For each arm \(a_i\), we parameterize the reward distribution by \(\theta_i\). Since we don’t know the reward distribution beforehand, we maintain a belief about the parameters \(\theta_i\). Let \(p(\theta_i)\) be the belief distribution of \(\theta_i\). Then, for every arm, we play it with the probability of it being the best. Let’s say we play arm \(a_i\) and receive reward \(r_i\). After that, we update our belief about the reward distribution of arm \(a_i\) using Bayes’ rule: \(p(\theta_i\vert r)\propto p(\theta_i)p(r\vert \theta_i)\). We take \(p(\theta_i\vert r)\) as our new belief distribution of \(\theta_i\) and repeat the above process until convergence. A concise algorithm description is given as below

\[\begin{align} &1.\quad\mathrm{Initialize\ prior\ parameter\ distributions\ }p(\theta_1),\dots, p(\theta_n)\\\ &2.\quad\mathrm{For\ }t=1,\dots:\\\ &3.\quad\quad \mathrm{Sample\ }\hat\theta_1,\dots, \hat\theta_n\sim p(\theta_1),\dots, p(\theta_n)\\\ &4.\quad\quad \mathrm{Take\ the\ optimal\ action\ }a_i\ \mathrm{w.r.t.\ }\hat\theta_1,\dots,\hat\theta_n\\\ &5.\quad\quad \mathrm{Observe\ reward\ }r\ \mathrm{and\ update\ posterior}\ p(\theta_i)\propto p(\theta_i)p(r|\theta_i) \end{align}\]

Thompson Sampling in Markov Decision Process

In order to transfer Thompson sampling to MDP, we could simultaneously learn multiple \(Q\)-functions or policies (in contrast to the reward distribution).

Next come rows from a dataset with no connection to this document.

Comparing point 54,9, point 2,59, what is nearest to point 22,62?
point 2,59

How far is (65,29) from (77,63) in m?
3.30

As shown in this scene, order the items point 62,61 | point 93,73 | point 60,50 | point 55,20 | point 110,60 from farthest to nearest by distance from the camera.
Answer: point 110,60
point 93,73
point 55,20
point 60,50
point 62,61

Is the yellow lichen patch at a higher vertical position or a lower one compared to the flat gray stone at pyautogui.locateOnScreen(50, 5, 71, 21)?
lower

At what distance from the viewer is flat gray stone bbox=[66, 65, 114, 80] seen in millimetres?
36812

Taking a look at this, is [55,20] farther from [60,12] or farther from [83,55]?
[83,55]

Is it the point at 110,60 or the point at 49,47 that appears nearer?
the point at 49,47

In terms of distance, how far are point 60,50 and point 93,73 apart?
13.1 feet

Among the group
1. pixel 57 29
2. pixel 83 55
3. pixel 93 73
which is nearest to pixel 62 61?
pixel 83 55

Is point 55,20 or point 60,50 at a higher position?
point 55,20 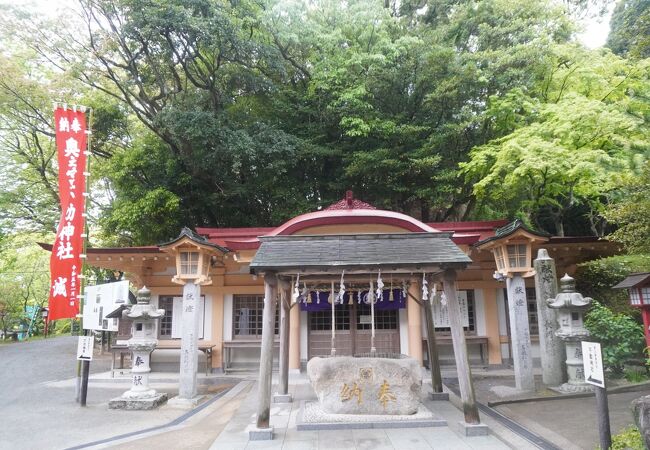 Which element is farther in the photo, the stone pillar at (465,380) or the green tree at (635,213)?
the green tree at (635,213)

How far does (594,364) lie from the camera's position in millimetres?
5262

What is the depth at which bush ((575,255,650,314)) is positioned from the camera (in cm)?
1100

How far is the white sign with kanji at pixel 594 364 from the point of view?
202 inches

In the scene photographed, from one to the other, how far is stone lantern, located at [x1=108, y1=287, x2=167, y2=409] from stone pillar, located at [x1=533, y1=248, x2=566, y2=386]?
10.00m

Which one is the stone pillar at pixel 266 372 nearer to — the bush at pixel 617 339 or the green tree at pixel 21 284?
the bush at pixel 617 339

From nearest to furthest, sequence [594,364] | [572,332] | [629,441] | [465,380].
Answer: [629,441] → [594,364] → [465,380] → [572,332]

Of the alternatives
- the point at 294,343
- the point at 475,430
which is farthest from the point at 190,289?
the point at 475,430

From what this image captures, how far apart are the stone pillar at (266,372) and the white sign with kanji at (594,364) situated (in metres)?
4.78

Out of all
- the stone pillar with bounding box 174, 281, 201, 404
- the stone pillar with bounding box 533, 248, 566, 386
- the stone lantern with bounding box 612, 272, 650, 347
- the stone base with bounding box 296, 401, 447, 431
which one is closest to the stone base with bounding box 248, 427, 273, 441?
the stone base with bounding box 296, 401, 447, 431

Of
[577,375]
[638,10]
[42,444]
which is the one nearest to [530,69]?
[638,10]

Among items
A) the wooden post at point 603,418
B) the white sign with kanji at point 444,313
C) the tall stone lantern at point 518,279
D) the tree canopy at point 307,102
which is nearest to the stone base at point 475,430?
the wooden post at point 603,418

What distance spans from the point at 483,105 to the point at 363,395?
1354cm

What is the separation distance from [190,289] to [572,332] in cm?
971

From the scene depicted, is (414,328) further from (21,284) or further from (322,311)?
(21,284)
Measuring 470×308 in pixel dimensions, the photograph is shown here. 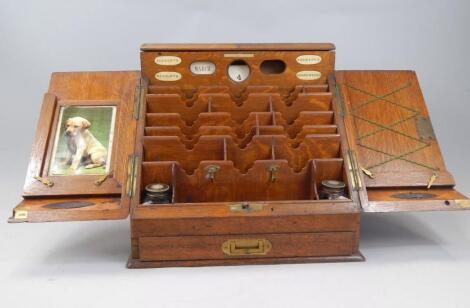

Then, at every step, we sample a \(Q\)-function(or policy) and act according to the sample. In practice, we could share most of the layers (except the last one) of the \(Q\)-functions(policies) to gain some additional efficiency.

A simpler approach is noisy networks, a special form of Bayesian neural networks(which will be further elaborated in the next section) where weights are of Gaussian distributions.

Information Gain Exploration

Information gain exploration is similar to exploration bonus in that both values new states optimistically by adding an extra bonus to the reward. The difference is that information gain exploration explicitly reasons about how much the agent will learn from visiting new states, rather than simply assuming that something is good because it is new.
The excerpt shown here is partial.